10. What are the Opportunity Costs? What is the field of possibilities, out of
which the leader and the social field combined in only one invention? What
are the other inventions that did not happen? Could the story have had a
different outcome? If two characters had met, would the story have evolved a
different ending?
11. Imagine you are a Leadership Theorist. Perish the thought. What theory of
leadership would the study of this leader exemplify? Where does the theory
fall short or not fit? How would you modify the theory? Or, maybe you have
a completely original theory; what is it? Try not to build one more abstract
leader framework or universal theory. We have too many already.
12. Details. Please quote your sources; include references and a bibliography.
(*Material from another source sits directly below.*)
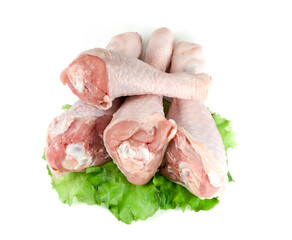 Raw chicken legs and green salad isolated on white background.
Single-space your text. Use headings, paragraphs, indent your quotes, and
spell check. Number your pages and provide a table of contents. Put your
name, address, phone number, class number, instructor, and date on the cover
page. If you want extra credit provide a computer disk that we can be
uploaded to the World Wide Web. It is your chance to change the world.
References
Sartre, Jean-Paul (1963). Search for a Method. Translated from the French by Hazel E.
Barnes. NY: Vintage Books (A Division of Random House).